Thriller story: how Pokitto almost lost its RTC

About a week ago, I got a very worrying message from Daniel. He had built 12 of the new Pokitto boards with the RTC (Real-Time Clock). The clock worked but none - not a single one - was able to go into the bootloader mode and connect to the PC via the USB.

This was bad news indeed. We had a working design that suddenly had developed a fatal flaw. With you, dear Pokitto backers & community in mind I thought: “this could hit the shipping time badly”. My second thought was, that unless we find the bug fast, we will remove the RTC and go back to the original design. My apology message to the community was already written!

Throughout my “mini-holiday” we sent messages back and forth with Daniel: “check ISP enable lines”, “check reset signal”, “check VBUS voltages” … all were correct. And yet: no USB connection. Daniel quickly dispatched 4 boards to me.

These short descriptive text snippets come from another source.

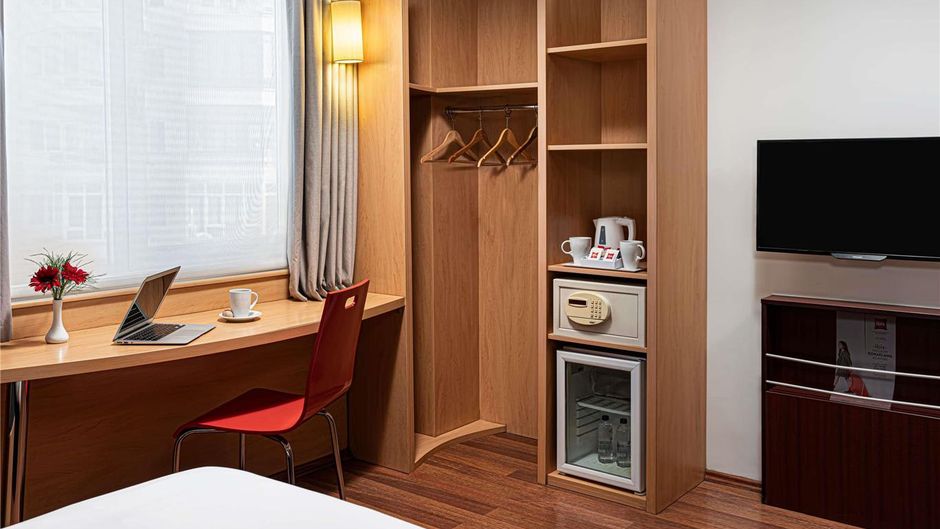 Ibis Eskisehir Room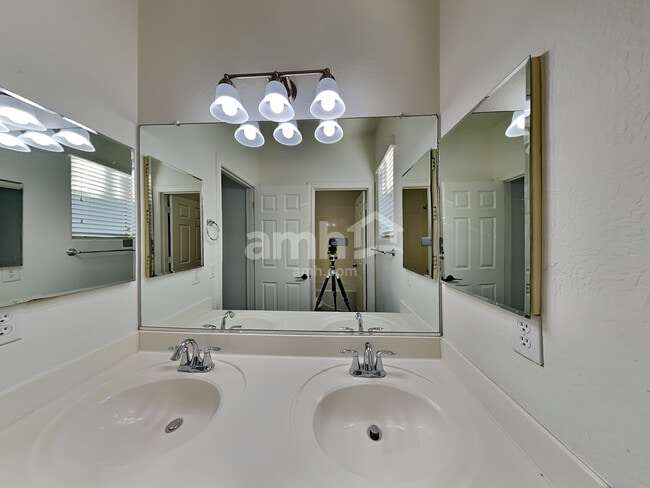 Building Photo - 19133 E Seagull Dr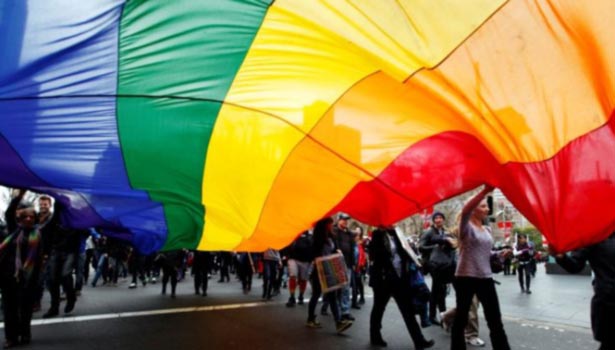 201606251321176821_Thousands-rally-in-Australia-for-same-sex-marriage_SECVPF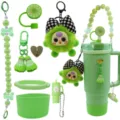 Set d'accessoires Stanley verts avec lanière perlée, pendentif monstre en peluche et couvre-paille. - Ensemble citron vert 8 pièces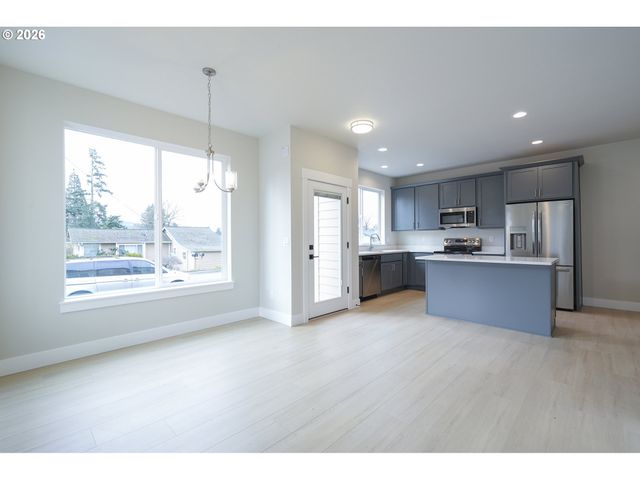 11817 Se BOISE St, Portland, OR 97266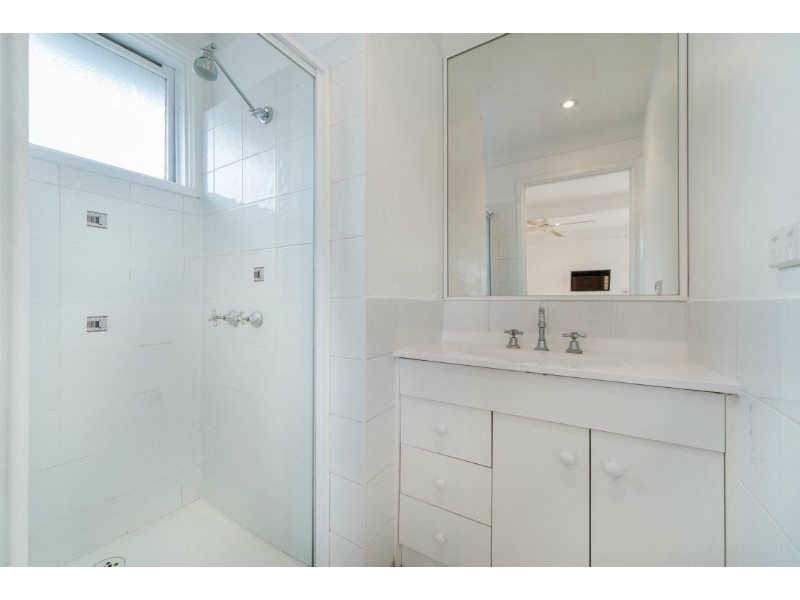 4B Ropley Grange, Frankston VIC 3199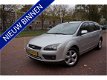 Ford Focus Wagon - 1.8-16V Futura Flexifuel 2e EIGENAAR DEALER ONDERHOUDEN - 1 - Thumbnail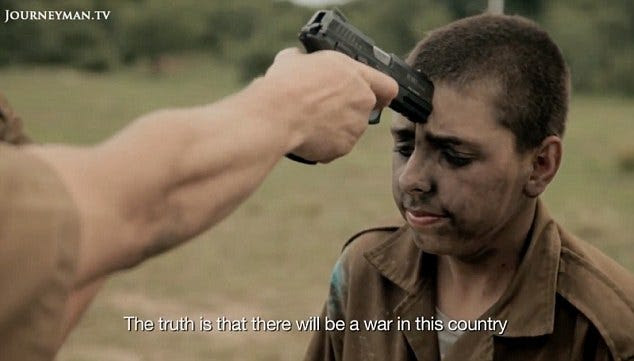 "Non ho amici neri": Dion Bernard, un quindicenne soprannominato Sparky, è stato puntato alla testa con una pistola durante le lezioni di autodifesa presso il campo dell'Afrikaner Resistance Movement vicino a Johannesburg.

Now, it is hard to explain how tricky it is to debug something like this. The fault can be in so many places. It can be a hardware fault, it can be a broken chip somewhere, it can be the addition of the real-time clock and its auxillary power supply that changes the behavior of the Power Management Unit (responsible for power saving modes) of the main chip. Worst of all is the fact that the USB routines are in the ROM of the chip: there is no way to step through the code that is burned inside the chip. USB is notoriously difficult to debug: the protocol is quite complex and events happen very fast. You need good tools to be able to follow whats going on.

Yesterday the boards arrived and I quickly assembled 2 Pokittos and began the detective work, not really knowing what to look for.

The whole day I was trying out things, measuring signal voltages, comparing schematics and eliminating possible sources of problems one by one. Daniel had already done these steps, but no harm in double checking.

At 10 in the evening I finally had a breakthrough. I had written a small program that makes the Pokitto to behave like a USB Serial device and connect to the PC as a virtual COM port. First I ran it on the faulty version 4 board. No show. Then I put it on the working v3 Pokitto: wham bang! COM port pops up and “Hello world!” message on the PC. Repeating the test gave same results. Now I knew the USB was the culprit. Not the RTC or any other of the thousands of things.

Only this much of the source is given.